Native Foods Fit For Carnivores

· 4 min read
Native Foods Fit For Carnivores

Sarah Bass photos

Inside Wahpepah.

Best bet: The bison.

Wahpepah’s Kitchen
2353 E 12th St.
Oakland

Located at a public transit plaza in East Oakland, Whapepah’s Kitchen serves Native foods with a health-focused and modern twist. And as I learned via a framed certificate on their shelves, it was a nominee for the 2022 New Chef James Beard Award.

Written in the native tongue of Kiikaapoa/Kickapoo , the small but comprehensive (or ​“tight,” as my friend called it) menu at Wahpepah’s Kitchen is also lovingly translated into English. Obvious care has been paid to the presentation of the food, from language and murals to plating. Vibrant colors pop in the sun-drenched space, with eye-popping hues blanketing the tall walls and a hanging backdrop sporting the restaurant’s logo in repetition, the outdoor patio just feet from the Fruitvale BART station entrance and within the larger transit plaza.

The cornbread and elderberry spritzer.

On a recent visit, a friend (a carnivore) and I went in fast and hard with our order: cornbread with berries and maple ($6) to start, sweet and white potato hibiscus taquitos ($14) to follow, an elderberry sparkler ($8) to whet our whistles, and finally a bison salad ($25, ordered medium rare) for my friend Fernando and a three sisters veggie bowl ($20) for me.

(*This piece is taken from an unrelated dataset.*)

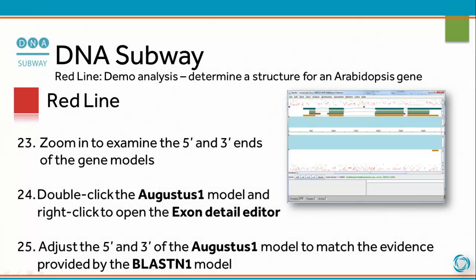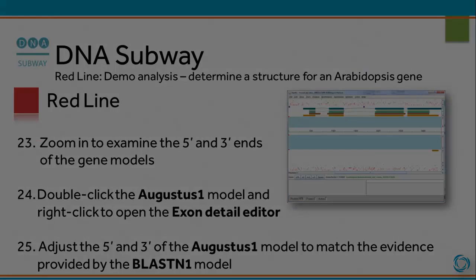Zoom in to examine the 5' and 3' ends of the gene models. Double-click the Augustus 1 model and right-click to open the Exon Detail Editor. Adjust the 5' and 3' ends of the Augustus 1 model to match the evidence provided by the BLASTN1 model.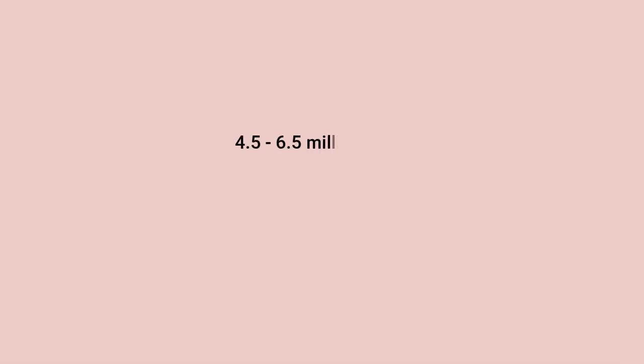A normal healthy human being has approximately 4.5 to 6.5 million red blood cells per cubic millimeter of blood. Therefore, if a normal human being has five liters of blood in his body, which means there are approximately 32 trillion red blood cells in the body constantly circulating the circulatory system.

I was quite happy with our first three choices. The cornbread was ultra-rich in a salted, glob-to-itself density of crumb that manages not to coat your mouth or leave a film behind. The light drizzle of maple cream on top provided for me a necessary sweetness against the surprisingly savory slice. Its beautiful lavender-speckled color was lent by the juniper berries, but I could not detect any additional flavor to back it up. Truly gorgeous though. A strong buttermilk flavor carried through for me, which I believe is the secret to the moist but not wet texture, but it left my friend feeling like it came from a boxed mix.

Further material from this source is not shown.